RECORDS SUPPLIED:
□ □ □ □ □ □ □
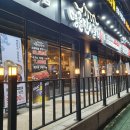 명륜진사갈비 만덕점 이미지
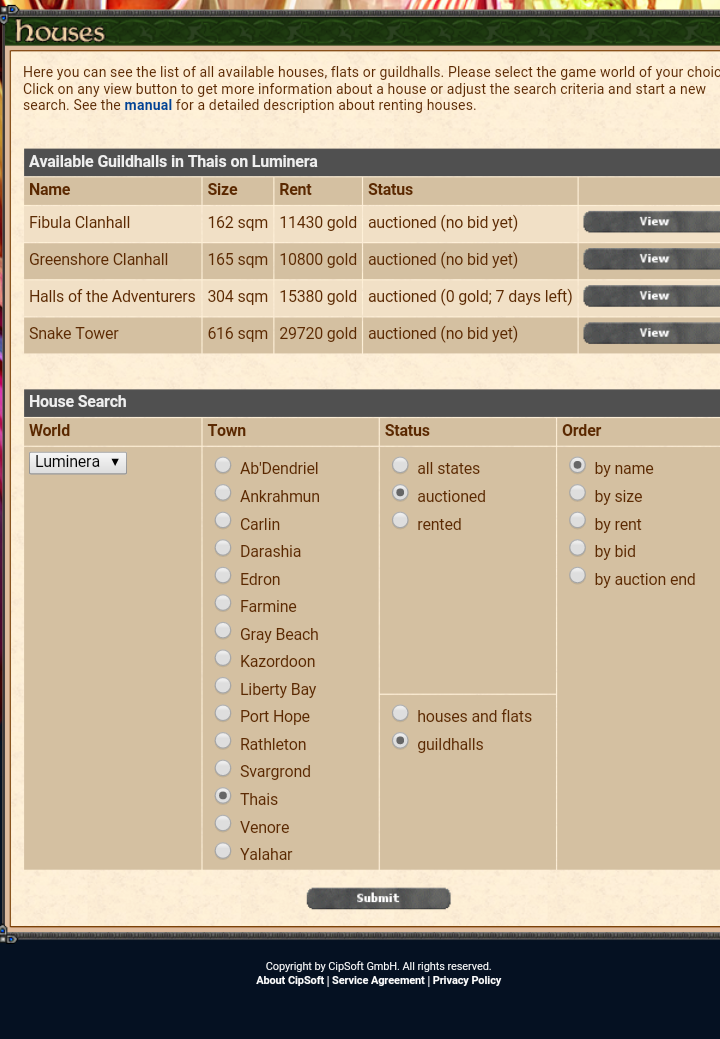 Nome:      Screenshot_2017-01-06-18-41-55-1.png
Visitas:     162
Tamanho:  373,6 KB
□ □ □ □ □ □ □
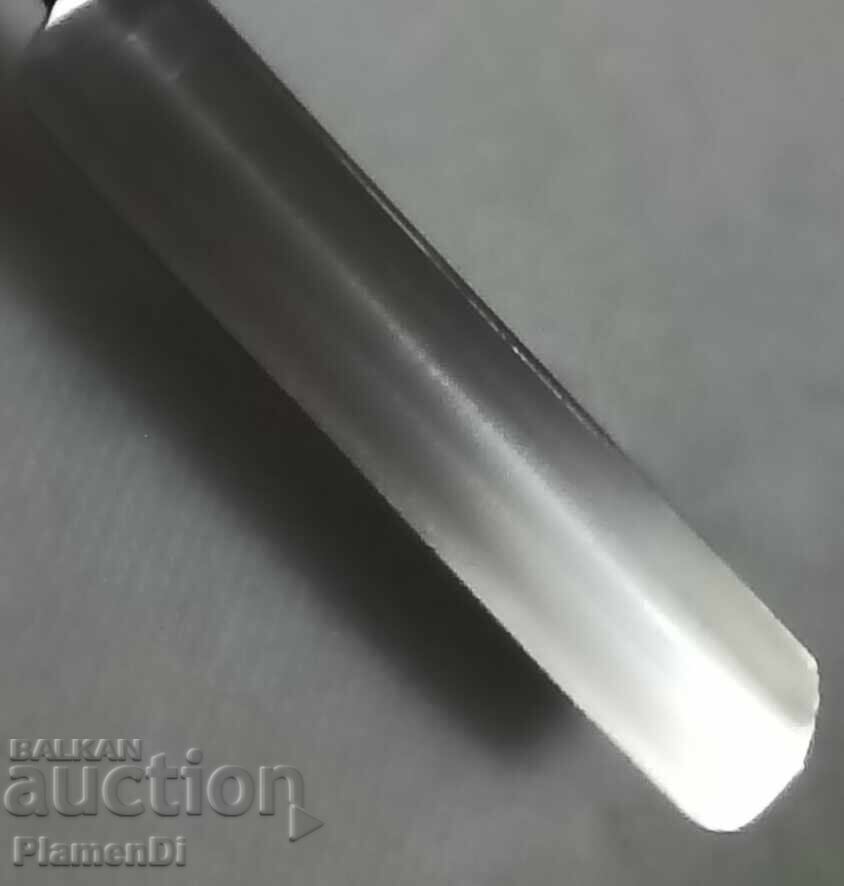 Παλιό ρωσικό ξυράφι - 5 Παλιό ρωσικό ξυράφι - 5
□ □ □ □ □ □ □
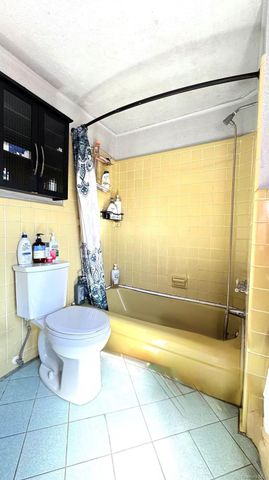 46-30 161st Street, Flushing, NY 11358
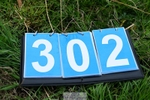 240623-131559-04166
□ □ □ □ □ □ □
Copy nothing but the lines above from the one with "46-30 161st Street, Flushing, NY 11358" to the one with "240623-131559-04166", inclusive, word for word. Leave every picture out.

RESPONSE:
 46-30 161st Street, Flushing, NY 11358
 240623-131559-04166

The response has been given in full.